ABOUT WOODRUFF COUNTY ARKANSAS
This material is taken in part from articles in Rivers and Roads and Points in Between, a publication of the Woodruff County Historical Society, in particular a talk published in Fall 1972 quoting Dallas T. Herndon, and one published in Fall 1974 by James Logan Morgan.
Woodruff County is in the heart of east Arkansas, approximately half way between Little Rock, Arkansas, and Memphis, Tennessee. It's an area of rich land and natural resources.
Many early travelers entered the area on the White River, which flows on one border of the county, and the Cache River (French for " Hidden " River) flows through the county. Today Woodruff County is known for its cotton, rice, soybeans, wheat, and other farm commodities, and some industries have found a home there.
The community names have changed over the years, and while these names may no longer be on the map, they are sometimes still used by local residents and give clues as to the history. Many of these names came from the early settlers.
The rich history of Woodruff County has been well-documented by the efforts of the Woodruff County Historical Society, which began in 1972 and publishes regularly on county history and families.
Woodruff County was formed in 1862, after Arkansas seceded from the Union and joined the Confederacy. It was formed out of land taken from St. Francis and Jackson Counties. The county initially proposed by Robert Anthony (of Augusta) was "Mallory County," to honor the St. Francis County representative in the legislature.
The permanent name selected, however, was Woodruff County. It's unclear who the final name was intended to honor. One popular suggestion is William E. Woodruff, Sr., who originally brought the printing press to Arkansas and started the Arkansas Gazette newspaper. Other possibilities are either William E. Woodruff, Jr. or Alden M. Woodruff, both of whom were active supporters of the confederacy.

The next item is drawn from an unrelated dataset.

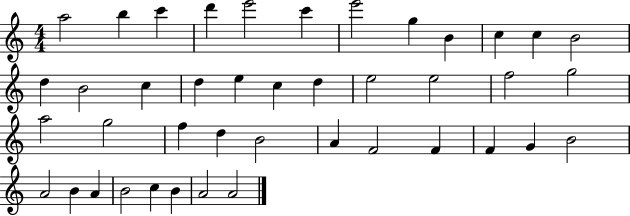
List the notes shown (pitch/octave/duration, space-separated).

A5/h B5/q C6/q D6/q E6/h C6/q E6/h G5/q B4/q C5/q C5/q B4/h D5/q B4/h C5/q D5/q E5/q C5/q D5/q E5/h E5/h F5/h G5/h A5/h G5/h F5/q D5/q B4/h A4/q F4/h F4/q F4/q G4/q B4/h A4/h B4/q A4/q B4/h C5/q B4/q A4/h A4/h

The first temporary county seat was Cotton Plant, and the first permanent county seat was Augusta. At some point court sessions were held in McCrory. After the Civil War, county boundaries were moved, partially due to competition between different factions of the county. At one time (1868) Cotton Plant was moved to Monroe County, just to the south of Woodruff County. Later is returned to Woodruff County, in the late 1870's or early 1880's.